My father said to me, “You do realize your children will be centaurs, don’t you?”

And then eventually, in Paris, you found food.

I was a student at the Sorbonne in the nineteen-fifties. One day, I was queuing up in a student canteen, where they had self-service little dishes—you know, grated carrots in one, and beans with a few almonds on top in another. I saw this dish with just three or four radishes in it, and a little pat of butter, and a little pile of salt, and a bit of bread. I was standing behind a young man whom I didn’t know, another student, and I said to him, “That’s not food—that’s just a sort of decoration!” I couldn’t understand it. He made me buy this little plate of radishes and then he sat with me and he said, “Take the radish”—because it still had its stalk on it—“and scrape it through the butter, and then dip the buttery end into the salt, and then eat it, and then follow with the piece of bread.” It tasted so delicious. And I just thought, God, you can produce good food without ever even cooking!

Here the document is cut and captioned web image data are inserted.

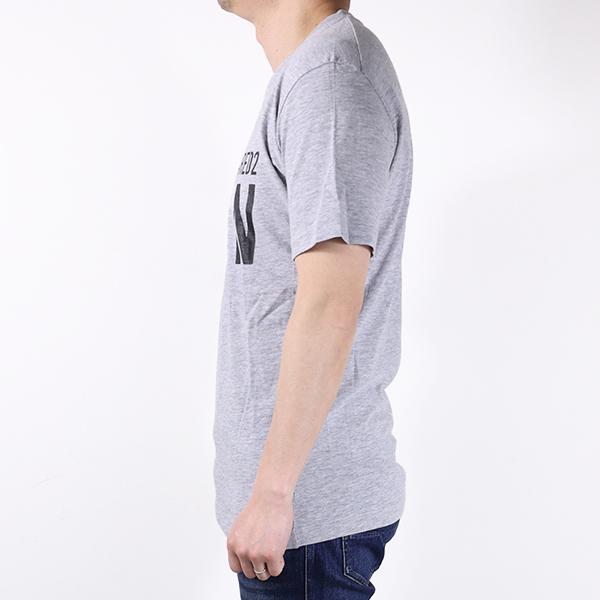 DSQUARED2（ディースクエアード） Tシャツ Icon Cool Fit T-Shirts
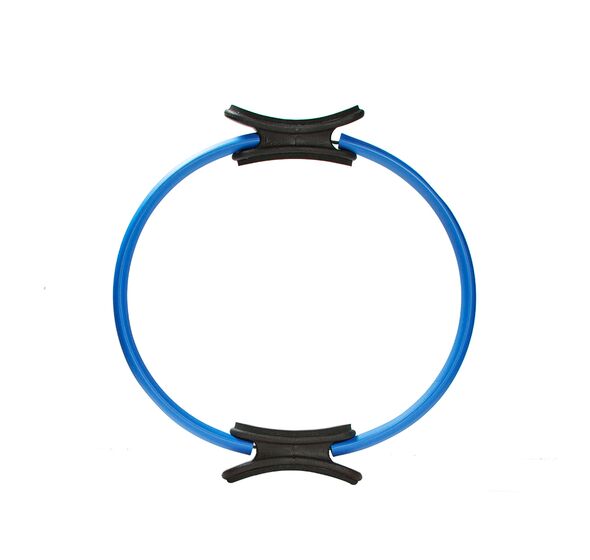 Pilates Ring (X-FIT)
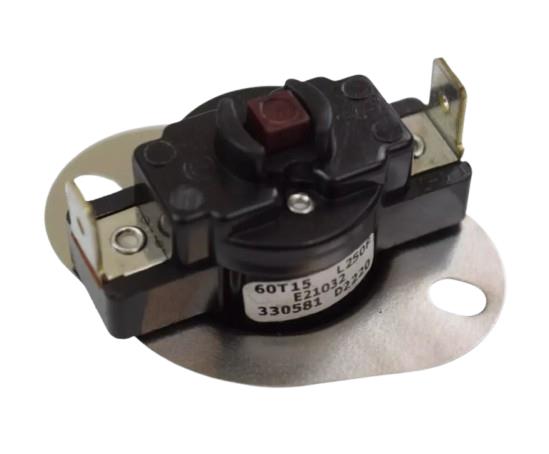 E2103200 by TELEDYNE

I also worked for a time for a French family. Madame cooked beautifully, and she cooked everything just for the children exactly as she would for us, and they always sat down to eat. We didn’t go to one bakery to buy bread, cake, and croissants; we went to three different bakeries. From company directors to the Métro workers, everybody talked about where the best steak frites could be had, and where the raspberries were grown. I was astonished to find that intelligent people took food very seriously.

It was a culture shock to go from France to England?

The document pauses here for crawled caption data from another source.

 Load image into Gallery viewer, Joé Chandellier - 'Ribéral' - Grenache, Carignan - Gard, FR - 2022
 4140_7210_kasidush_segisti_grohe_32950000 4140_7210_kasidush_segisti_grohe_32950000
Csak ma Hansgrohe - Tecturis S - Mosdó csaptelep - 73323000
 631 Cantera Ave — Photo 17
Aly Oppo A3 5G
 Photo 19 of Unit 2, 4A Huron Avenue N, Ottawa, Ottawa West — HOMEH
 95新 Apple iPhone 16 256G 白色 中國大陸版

I was rather horrified at how boring English food was. It was all Escoffier, but he’d been dead for decades, and nobody had moved on at all. I’d come from South Africa, where we ate mangoes and pineapple and passion fruit and had wonderful salads that had all sorts of mixed-up things in them—whereas an English salad was just cucumber, tomatoes, lettuces, and pickled beetroot, all put on a plate, no dressing. I thought they needed a shakeup, really.

Was your plan always to open a restaurant?

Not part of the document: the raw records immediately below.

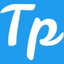 Icon for www.typingparagraphs.com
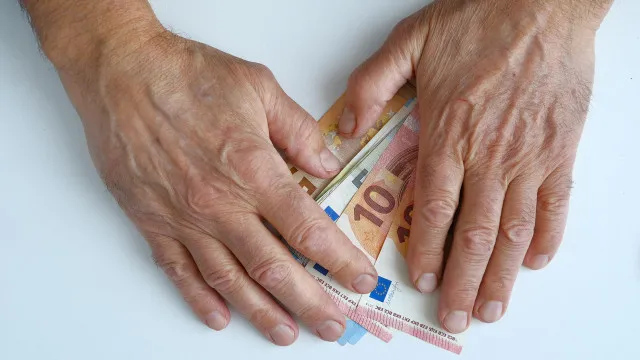 prova-de-vida-para-pensionistas:-termina-hoje-o-prazo-(eis-como-fazer)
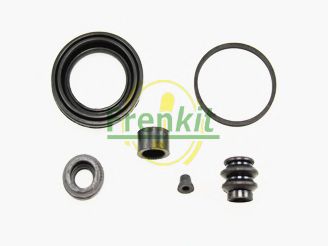 Ремкомплект, тормозной суппорт FRENKIT 254063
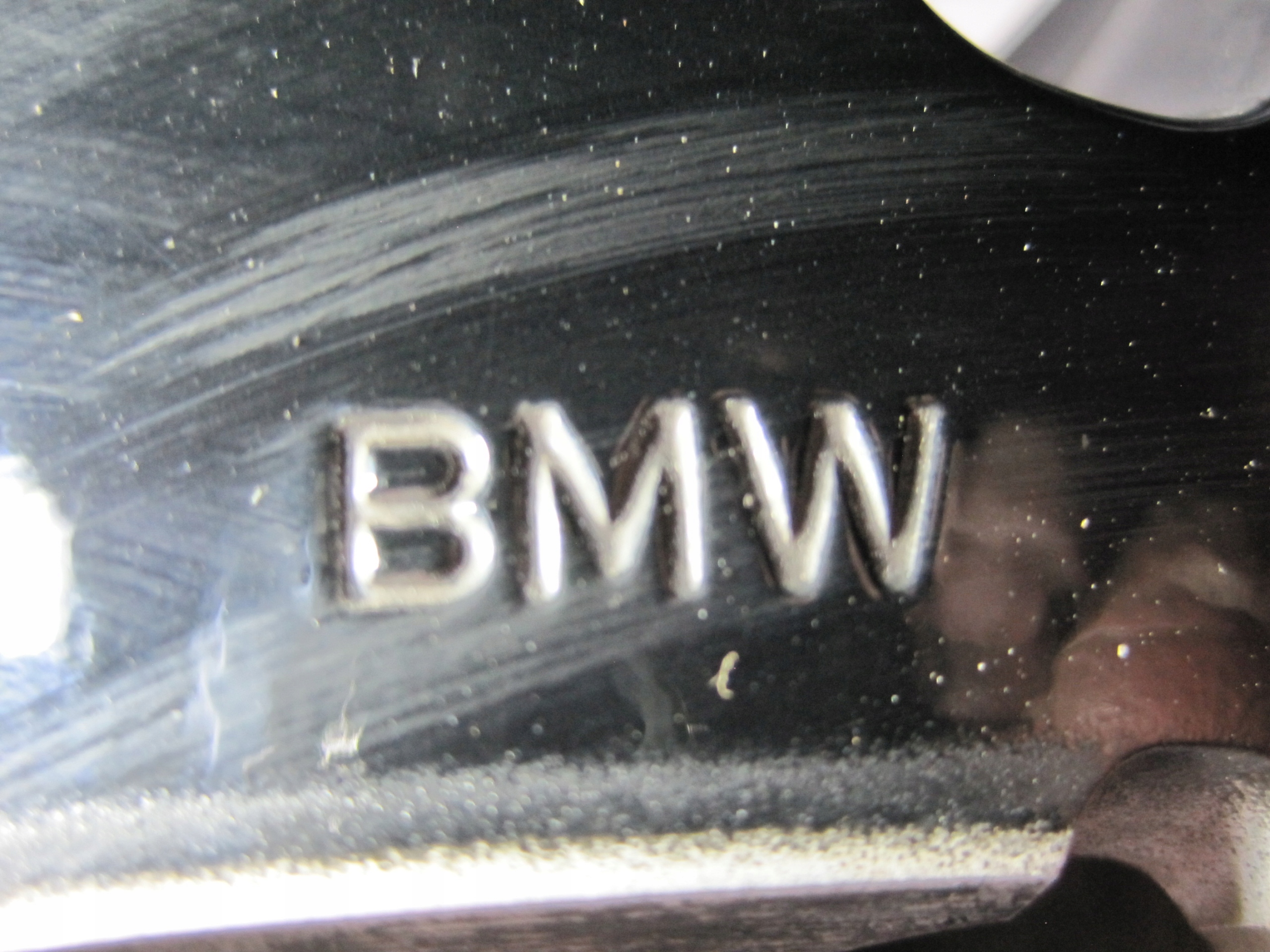 disk BMW R20 8093839 M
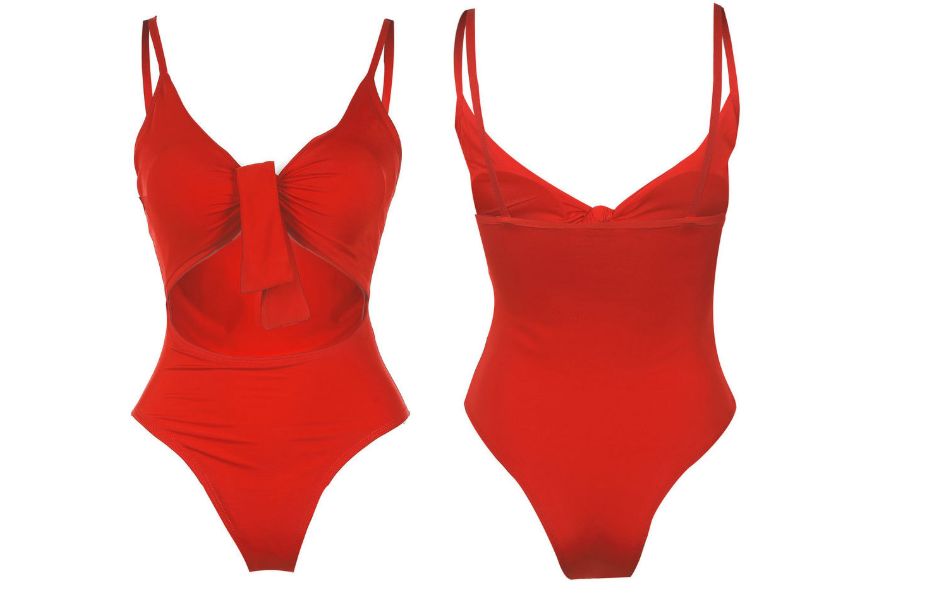 Maillot de Bain Femme | Bikini Plage, piscine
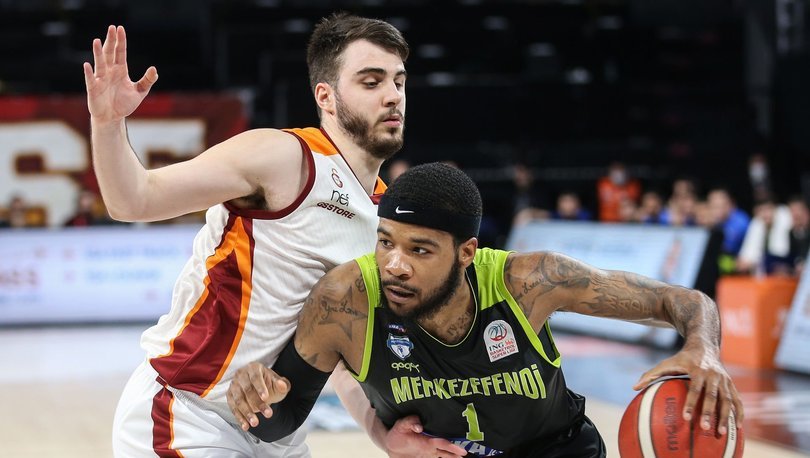 galatasaray-merkezefendi-basket ile ilgili görsel 1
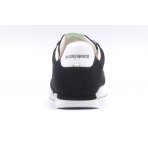Le Coq Sportif Neree Ανδρικά Sneakers (2021587)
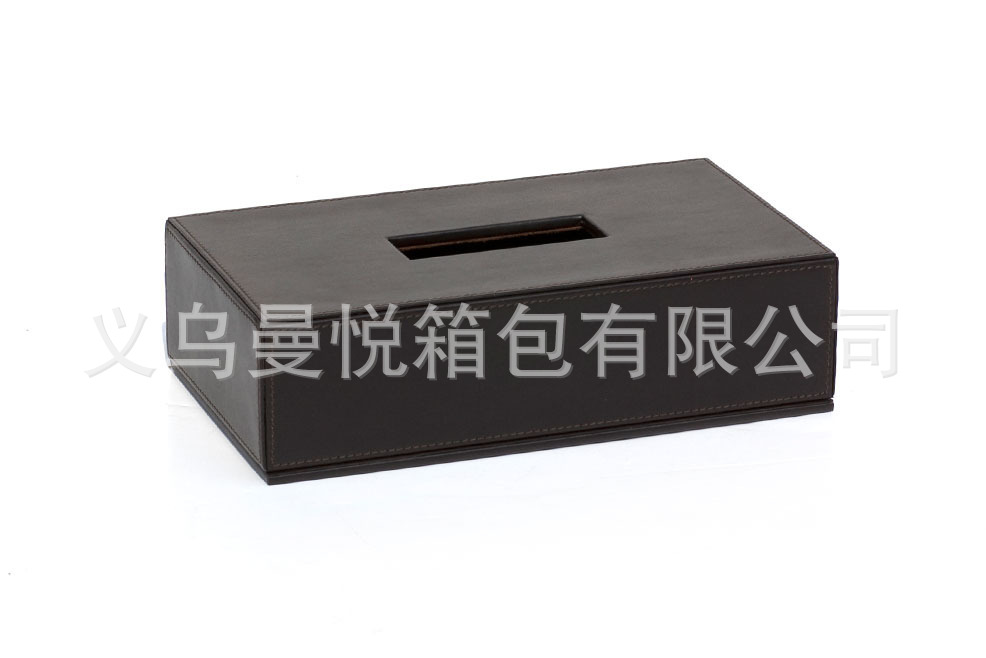 leather-tissue-box-rectangular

When I was in Paris, I had dreams of opening a tiny dive in a cellar somewhere, with a gallery of unknown painters on the wall whose works customers could buy. Something very, very cheap, with fantastically good food.

It turns out that, first of all, you can’t make any money out of a really cheap restaurant unless it’s huge: you have to have a lot of bums on seats, so you need a huge amount of capital. And, secondly, the idea of combining art and food doesn’t really work. When people are in a mood to eat, they don’t really want to look at paintings; when they want to go to a gallery, they don’t want to sit down and eat a meal. So my dream was not particularly practical, and, anyhow, I couldn’t afford it as a twenty-one-year-old. It took me till I was twenty-nine to open a restaurant, by which time I had built up a lot of customers through my catering business. I managed to persuade the bank to lend me some more money, and I’d saved a bit, and my mother coughed up about eleven thousand pounds to get my restaurant off the ground. The whole thing cost about thirty thousand pounds back then, so today it would’ve been more like three million.